La tv generalista che aveva trasmesso la fiction Gli occhi del cuore è ormai sul viale del tramonto, ignorata dalla maggior parte degli spettatori che è invece approdata nel complicato mondo delle piattaforme streaming. Ed è proprio su una di queste piattaforme che gli attori Stanis (Pietro Sermonti) e Corinna (Carolina Crescintini) vogliono portare il loro nuovo progetto, una fiction incentrata sulla vita di Gesù. A fare da intermediario tra il cast e i pezzi grossi della piattaforma c'è Alessandro (Alessandro Tiberi), passato dall'essere uno stagista maltrattato da tutti a persona influente. La piattaforma streaming, personificata nella persona di Allison, deve però rispondere a standard molto precisi che includono inclusione, romance e storie teen. Così, mentre i soliti sceneggiatori cercano di trasformare il Vangelo in qualcosa che somigli più ai prodotti politicamente corretti accettati dal network, René Ferretti (Francesco Pannofino) rimette insieme tutta la squadra per cercare di fare un prodotto che non lo faccia vergognare di se stesso, dove i favori della politica sono stati sostituiti dalla spinta del reciclo di denaro sporco della mafia.

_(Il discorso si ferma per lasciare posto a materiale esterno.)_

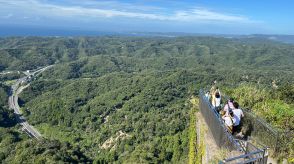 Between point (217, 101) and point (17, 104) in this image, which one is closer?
point (217, 101)

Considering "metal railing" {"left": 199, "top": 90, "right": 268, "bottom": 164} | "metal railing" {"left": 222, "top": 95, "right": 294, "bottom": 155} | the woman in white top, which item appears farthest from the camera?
the woman in white top

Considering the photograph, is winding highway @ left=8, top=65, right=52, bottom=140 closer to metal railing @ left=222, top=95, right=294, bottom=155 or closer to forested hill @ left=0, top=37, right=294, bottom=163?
forested hill @ left=0, top=37, right=294, bottom=163

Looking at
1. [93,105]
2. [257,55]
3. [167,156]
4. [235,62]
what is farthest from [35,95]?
[257,55]

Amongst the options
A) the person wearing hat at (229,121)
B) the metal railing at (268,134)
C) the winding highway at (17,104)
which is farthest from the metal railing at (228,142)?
the winding highway at (17,104)

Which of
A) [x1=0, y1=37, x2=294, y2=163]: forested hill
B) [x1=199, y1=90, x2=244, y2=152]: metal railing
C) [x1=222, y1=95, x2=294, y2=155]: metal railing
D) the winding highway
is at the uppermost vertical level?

"L'inferno è pieno di quarte stagioni"

Definita spesso la migliore fiction italiana mai realizzata per la sua capacità di raccontare il dietro le quinte dello spettacolo con un linguaggio satirico e tagliente che non si è mai risparmiato nulla, Boris torna sul piccolo schermo a dodici anni dalla messa in onda dell'ultimo episodio della terza stagione. Dodici anni in cui il mondo della televisione è cambiato e in cui la narrativa stessa si è ripiegata su racconti molto spesso piatti e uguali a se stessi che, nel desiderio di accontentare tutti e non offendere nessuno, finiscono ben presto nel dimenticatoio. La quarta stagione di Boris mostra la consapevolezza e la coscienza del mutamento avvenuto nella comicità e, in un'epoca in cui non si può più dire nulla, Boris dice tutto, prendendo di mira proprio quel falso buonismo che ormai sta affossando l'arte di far ridere.

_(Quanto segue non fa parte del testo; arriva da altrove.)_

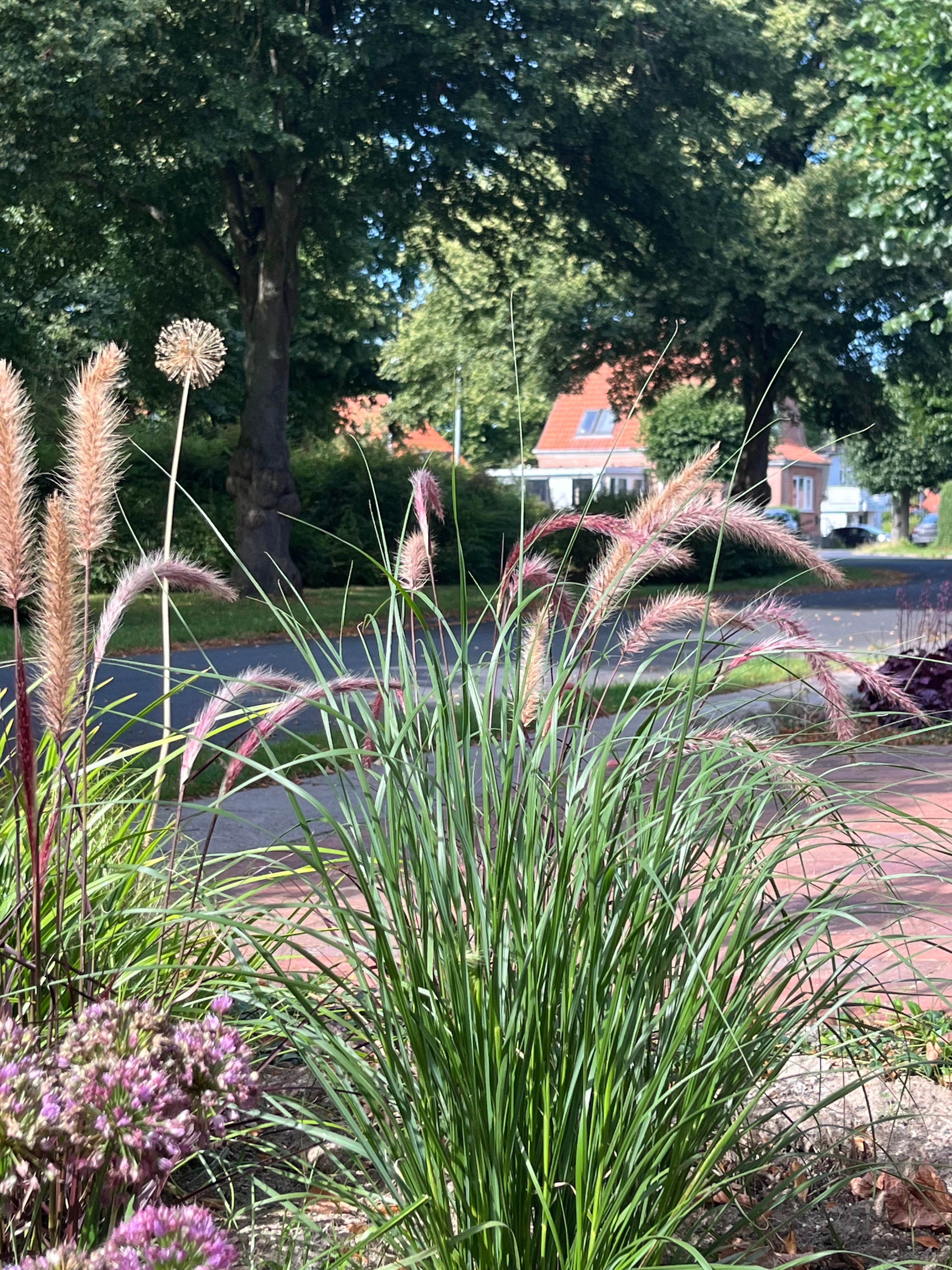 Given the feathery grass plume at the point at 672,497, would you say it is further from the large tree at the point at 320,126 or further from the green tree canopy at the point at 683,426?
the green tree canopy at the point at 683,426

Non a caso una delle prime scene della quarta stagione riguarda un corso comportamentale che tutta la troupe fittizia è chiamata a seguire per imparare a comportarsi secondo le regole del nuovo dogma: niente torpiloquio, desinenze neutre alla fine di ogni parola e il divieto assoluto di offendere gli altri. Regole che rispecchiano i tempi attuali, ma che Boris prende di mira e destruttura, rendendole armi per ridere del politicamente corretto, per mostrarne i difetti. La genialità della scrittura di Boris sta proprio in questa capacità di ereditare le idiosincrasie della società moderna e trasformarle in scene satiriche così riuscite che è difficile smettere di guardare.

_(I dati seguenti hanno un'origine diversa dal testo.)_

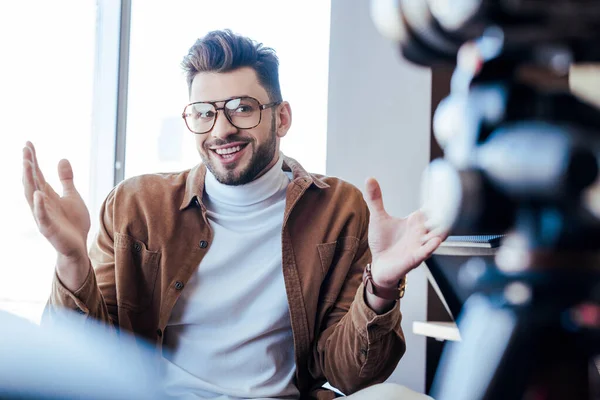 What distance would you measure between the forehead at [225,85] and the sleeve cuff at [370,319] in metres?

Una consapevolezza, questa, che abbraccia anche il mondo dell'intrattenimento stesso. Invece di fossilizzarsi sulla tv che ormai è sempre più morente, la sceneggiatura di Boris abbraccia l'avvento delle piattaforme streaming come Netflix, ma anche in questo caso mostrandone i limiti. Ecco allora che all'orizzonte fa il suo ingresso in scena il misterioso algoritmo, presenza costante ma invisibile, un po' come fu il Dottor Cane delle prime stagioni. Un intreccio di numeri e combinazioni che detta legge e obbliga i protagonisti a sottostare a delle regole assurde: ecco allora che per realizzare la fiction bisogna trasformare Gesù e Giuda in due vecchi amici d'infanzia legati dal trauma, così come la Vergine Maria e Maria Maddalena si trovano a parlare della situazione della donna nella Palestina di inizio millennio. Boris 4 prende tutto ciò che non funziona nell'intrattenimento moderno, tutte le contraddizioni legate al politicamente corretto e al buonismo fatto più per moda che per altro, e lo trasforma in strumenti da portare a scena per realizzare quella che forse è la migliore serie dell'anno, capace di affacciarsi sullo schermo senza paura di dire quello che vuole dire, con una scrittura limpida e tagliente, che diverte lo spettatore.

Luca Vendruscolo e Giacomo Giarrapico, orfani del compianto Mattia Torre, riescono a tracciare il ritratto cinico e spietato della televisione, rimanendo fedeli ai personaggi originali, che rimangono legati alla propria mediocrità. Per fortuna.